The accession number <AN> from the above record can be used to produce a link back to WilsonWeb with the above record displayed. The URL would use the following syntax:

http://vnweb.hwwilsonweb.com/hww/
jumpstart.jhtml?sid=HWW:OMNIFT&pid=%3Can%3E200100104527017%3C/an%3E

The jumpstart.jhtml page will do automatic TCP/IP authentication (if applicable). It will draw the WilsonWeb frameset and insert the requested record in the display frame. The ‘sid’ parameter specifies the desired database. The ‘pid’ parameter specifies the desired record. The accession number is wrapped in the tag <an>…</an> which is shown above in URL encoding.

If TCP/IP auto-authentication is not applicable, then the institution’s userid and password can be placed on the URL using the ‘un’ and ‘pw’ parameters:

http://vnweb.hwwilsonweb.com/hww/
jumpstart.jhtml?sid=HWW:OMNIFT&pid=%3Can%3E200100104527017%3C/an%3E&un=userid&pw=password

Releasing the Session

WilsonWeb subscribers either have a site license to their subscribed databases or they may have a license limited by simultaneous users. In cases where there are limits on simultaneous usage (and to reduce the amount of server overhead), it is important to properly close the Z39.50 session after the search is performed and the desired records are extracted. Some subscriptions are limited to a single simultaneous user and in this case proper session management is particularly important. Use the Z39.50 ‘close’ request to end the Z39.50 session explicitly.

If the z39.50 session is not closed, then the simultaneous user slot provided to do the Z39.50 query will remain unavailable to other searchers. And since WilsonWeb is used to display the results in the above example, it is even more important to close the Z39.50 session since the jumpstart.jhtml page will attempt to open a new session for the user.

WilsonWeb uses cookies to manage sessions for web users. If a user is browsing results from WilsonWeb by following links produced by the meta search gateway, then the user’s browser needs to return this cookie (a jsessionid) on each WilsonWeb request. The cookies are not persistent and will be forgotten if the user closes their browser.

Top

HTTP Method

Overview

In this method, the gateway performs the authentication, search, display and logout all using HTTP URLs. Some meta search gateways attempt to perform these operations by submitting search forms copied from the WilsonWeb frameset; submitting them on the behalf of the user and proxying the HTML results in some fashion. While this is also technically feasible, it is probably more advantageous to perform the search using ‘get’ URLs. The URL syntax is less likely to change while the format of an HTML search form is more subject to change.

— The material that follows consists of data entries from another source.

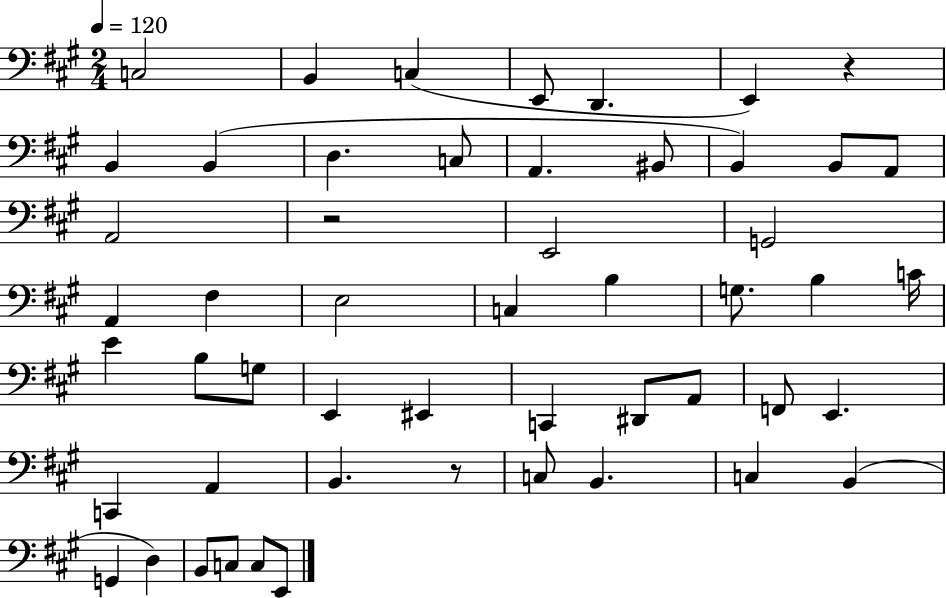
X:1
T:Untitled
M:2/4
L:1/4
K:A
C,2 B,, C, E,,/2 D,, E,, z B,, B,, D, C,/2 A,, ^B,,/2 B,, B,,/2 A,,/2 A,,2 z2 E,,2 G,,2 A,, ^F, E,2 C, B, G,/2 B, C/4 E B,/2 G,/2 E,, ^E,, C,, ^D,,/2 A,,/2 F,,/2 E,, C,, A,, B,, z/2 C,/2 B,, C, B,, G,, D, B,,/2 C,/2 C,/2 E,,/2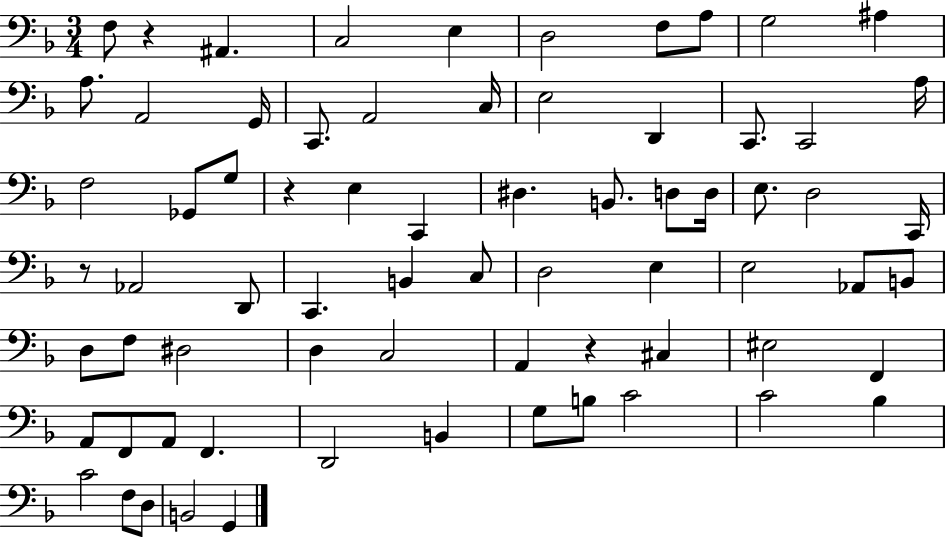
X:1
T:Untitled
M:3/4
L:1/4
K:F
F,/2 z ^A,, C,2 E, D,2 F,/2 A,/2 G,2 ^A, A,/2 A,,2 G,,/4 C,,/2 A,,2 C,/4 E,2 D,, C,,/2 C,,2 A,/4 F,2 _G,,/2 G,/2 z E, C,, ^D, B,,/2 D,/2 D,/4 E,/2 D,2 C,,/4 z/2 _A,,2 D,,/2 C,, B,, C,/2 D,2 E, E,2 _A,,/2 B,,/2 D,/2 F,/2 ^D,2 D, C,2 A,, z ^C, ^E,2 F,, A,,/2 F,,/2 A,,/2 F,, D,,2 B,, G,/2 B,/2 C2 C2 _B, C2 F,/2 D,/2 B,,2 G,,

Advantages and Disadvantages

WilsonWeb uses a frameset that makes proxying results more difficult than non-frameset systems. In addition, the internal frame used for result displays references javascript functions that are in other frames. For this reason, it is important to send the user to a properly constructed frameset when attempting to view WilsonWeb results in HTML. The URL for the result set frame cannot be used as a destination link itself.

It is not possible on WilsonWeb, using URLs alone, to perform a search and receive only the hit count as a response. Only the Z39.50 method is capable of providing a result set count in a structured way. In order to get the result set size from an HTTP query, the gateway would need to isolate the hit count in the result frames returned.

It is not possible, using URLs alone, to change the result set size, sort order, or record format (brief/full) using the WilsonWeb URL search syntax. Nor is it possible to jump to any page other than the topmost page (records 1-10) of the result set. Again only the Z39.50 method is capable of these controls.

It is perhaps tempting to overcome the limitations of WilsonWeb’s jumpstart.jhtml syntax by submitting forms for record pagination, record sorting order changes or other operations that can be performed by forms, but not by the documented target URL parameters. These forms are not likely to be stable and use of them is not advised—Z39.50 probably provides a more stable approach.

Authentication

In the HTTP method, authentication and search are performed in a single step. The ‘jumpstart.jhtml’ page can log the user in using TCP/IP address checking, but this method applies only when the search is being conducted from a machine within the customer’s IP address space. Alternatively, the un= and pw= parameters must be specified to authenticate the user.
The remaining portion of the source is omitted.